I'd be glad to get answer to any one of these questions. Thanks.

[ajb]

2. is correct... but can be stated more carefully and a little more generally

 

Let us work in $\mathbb{R}^n$ and let us pick a basis $(e_{1}, e_{2}, \cdots , e_{n})$.

 

The general motion of a volume here is via the wedge product - totally antisymmetric product of vectors.

 

$Vol(e) = | e_{1}\wedge e_{2} \wedge \cdots \wedge e_{n} |$

 

gives the volume in the basis given above. The absolute value is with respect to the obvious Euclidean norm - we could do something more general here, but not for now.

 

Now let us take some linear transformation - which we know can always be written as a matrix. As a linear operator we have

 

$A(e_{1}\wedge e_{2} \wedge \cdots \wedge e_{n}) = A(e_{1})\wedge A( e_{2}) \wedge \cdots \wedge A( e_{n})$.

 

As we are working with n vectors in an n-dimensional space and the product is totally antisymmetric the Volume is an element of a one dimensional vector space. Any changes in this volume can always be written as the volume multiplied by some scalar.

 

Now lets build this linear oeperator - so $A(e_{1}) = e_{1}'$ etc. Then we see

 

$A(e_{1}\wedge e_{2} \wedge \cdots \wedge e_{n}) = \alpha (e_{1}\wedge e_{2} \wedge \cdots \wedge e_{n}) = e_{1}'\wedge e_{2}' \wedge \cdots \wedge e_{n}'$

 

This scalar $\alpha$ is the determinant of the linear transformation A.

 

So lets do this for the 2d case. Let us take some linear operator that I write as a matrix

 

$A = \left(\begin{array}{ll}a & b \\c & d\end{array}\right)$

 

Then look at its action on an arbitary vector and feed this into the wedge product; we obtain

 

$(ax + by) \wedge (cx +dy) = ac \: x \wedge x + ad \: x \wedge y + bc \: y \wedge x + bd \: y\wedge y$.

 

Now remember that the wedge product is totally antisymmetric - which just means antisymmetric when we only have two vectors. So $x \wedge x = y \wedge y =0$ and we are left with

 

$(ax + by) \wedge (cx +dy) = (ad - bc) \: x \wedge y$,

 

which is what we wanted. You could try the same thing yourself in dimension 3. In higher the same sort of thing works.

 

This also then gives you a solution to question 1. You can use this as a geometric definition of the determinant of a linear transformation.

 

I hope that helps a little

Edited July 16, 2016 by ajb

[albedo]

Hello ajb,

 

thank you for your time and efforts, this definitely helps!

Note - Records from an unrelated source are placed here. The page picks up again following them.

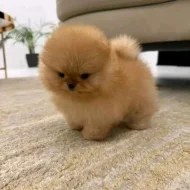 Nabízíme k prodeji pomeraniana.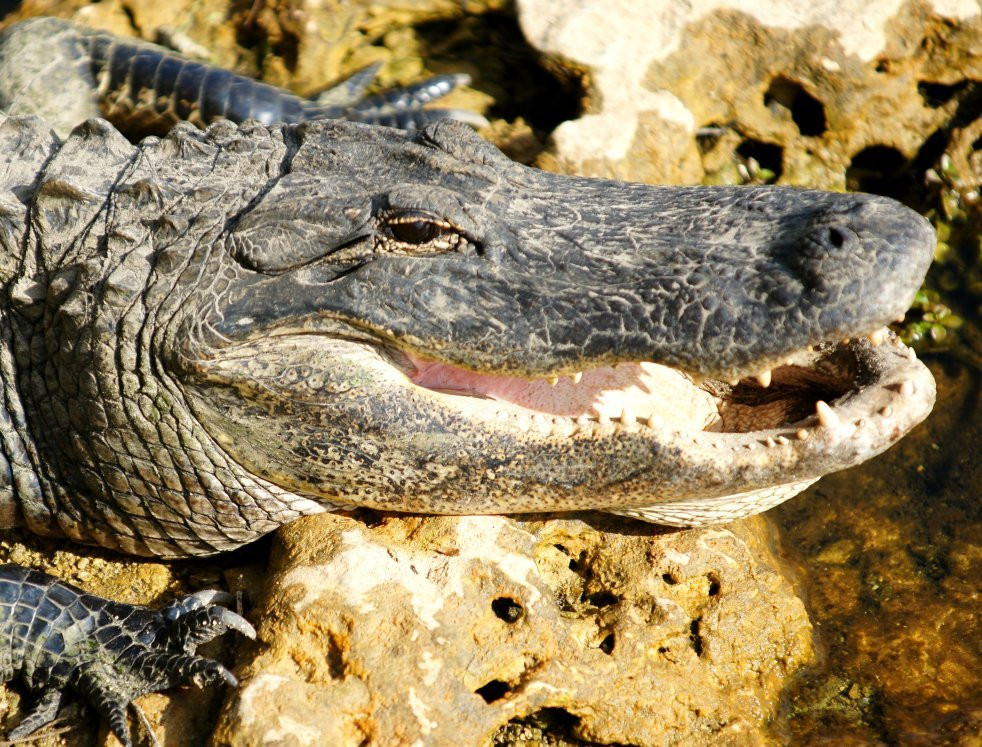 Big Cypress Oasis Visitor Center-奥乔皮必去景点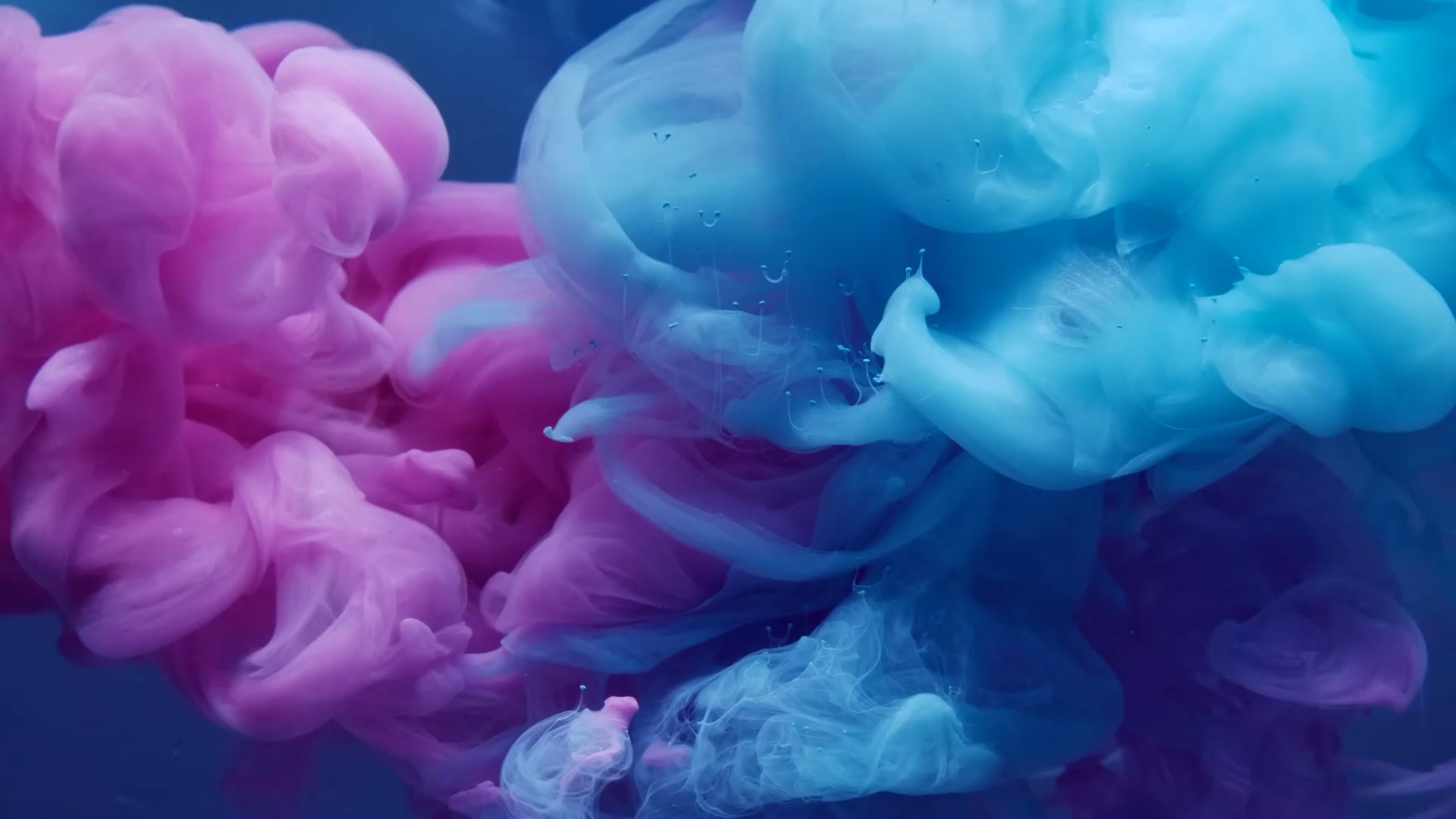Worship 19 Colormix Church Motion Graphics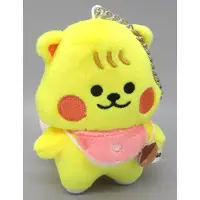 Key Chain - NIZOO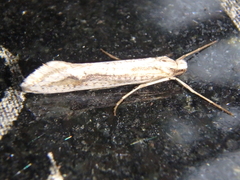 Deuterotinea casanella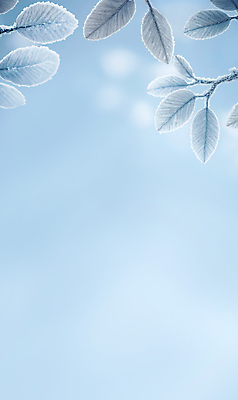 JPG 편집이미지 백그라운드 잎 설경 겨울 하늘 사람없음 파란색 눈 서리 보케 쌓인눈 카피스페이스 편집실사 AI포토 AI콘텐츠 자연요소 식물 계절 컬러 날씨 풍경 공백 CG 파일형식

I was really hopeless since I asked this question on several forums without any success – and now I finally got a response.

 

Thank you.

[ajb]

  On 7/16/2016 at 9:27 AM, albedo said:

Thank you.

You are welcome.

 

With your question 4. I am not sure there is some general answer. However, you might want to think about eigensystems - so solutions to

 

$A \underline{x} = \lambda \: \underline{x}$

[albedo]

  On 7/16/2016 at 9:48 AM, ajb said:

You are welcome.

 

With your question 4. I am not sure there is some general answer. However, you might want to think about eigensystems - so solutions to

 

$A \underline{x} = \lambda \: \underline{x}$

 

Thanks for tip, (unfortunately) I'm familiar with eigen(vectors/values).

 

But I have another determinants-related question (which could help me "intuitize" the broader meaning of determinant):

Just to state some facts: AFAIK, determinant is used for:

1. To solve sets of linear equations (AFAIK this is why it was first invented - by Seki in Japan).
2. To compute the volume distortion of parallelepiped (AFAIK this meaning come later - introduced by Lagrange).

A matrix can represent:

1. Set of linear equations (row-wise).
2. The basis vectors of a coordinate system (column-wise).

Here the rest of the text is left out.